How Menu Design Accentuates Plant-Based Options
Experts offer lots of suggestions for spiffing up menu design, which can infuse more interest in vegetarian or vegan selections.
- Insert catchy icons to mark preferred designations like vegetarian, vegan, or gluten-free.
- Identify correct font size so the menu’s copy is balanced.
- Choose fun typefaces for the plant-based foods to be highlighted.
- Incorporate specialized illustrative designs and design accents.
- Use bright primary colors, which keep a diner’s eyes scanning from top to bottom.
- Infuse white space so the reader has a moment to digest information.
- Choose a color combination that matches the brand identity and is pleasant to the eye.
In case you’re thinking that plant-based eating is just a fad, the Escoffier School of Culinary Arts advises its students, “It’s a movement that has transformed the way that people eat over the past few decades.”
The Escoffier school adds that many consumers exploring plant-based options are looking for foods that mimic the flavors they’re already used to, such as meat and dairy. Menu design can connect time-honored meat selections to a new era by creating plant-based dishes and experiences that draw on cultural or ethnic influences, as can understanding how to integrate these ingredients into an entire menu. Restaurants can draw attention to plant-based foods by mirroring proven recipes and methods of presenting traditional meat dishes.
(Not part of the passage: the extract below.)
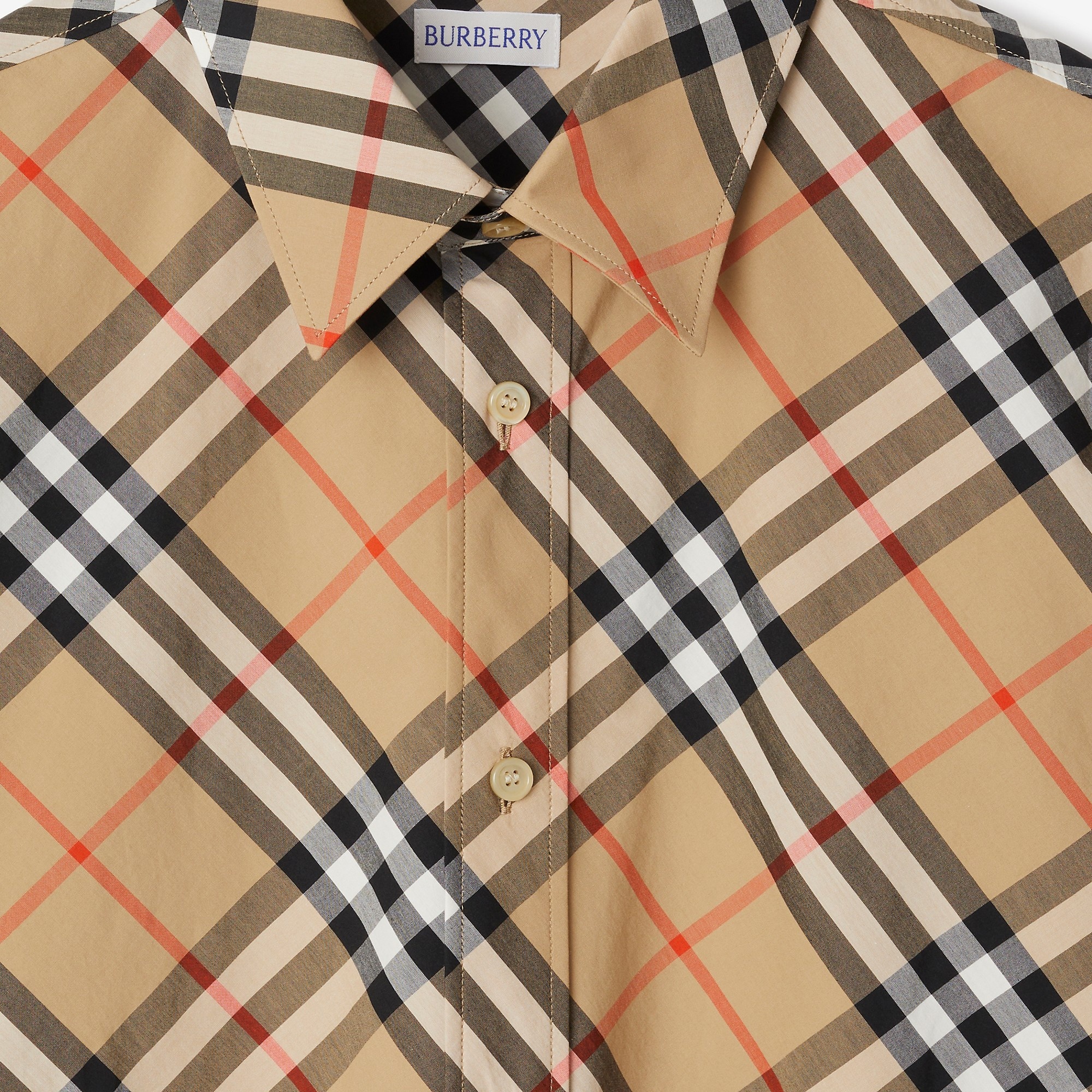 Check Cotton Shirt - 6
Since vegan and vegetarian diets often go hand-in-hand with organic and/or local products, chefs may end up paying more money per pound for common ingredients than if they ordered from large-scale food suppliers. Yet the switch to plant-based foods is manageable when chefs must turn to local ingredients, with a focus on nutritional benefits, sustainability, ethics, and biodiversity. It requires highlighting seasonal produce but also analyzing suppliers and their lists of ingredient costs.
Forming relationships with vegetable farmers and owners of local plant-based meat companies can help set the foundation for solid partnerships and come full circle to reinforcing plant-based menu design.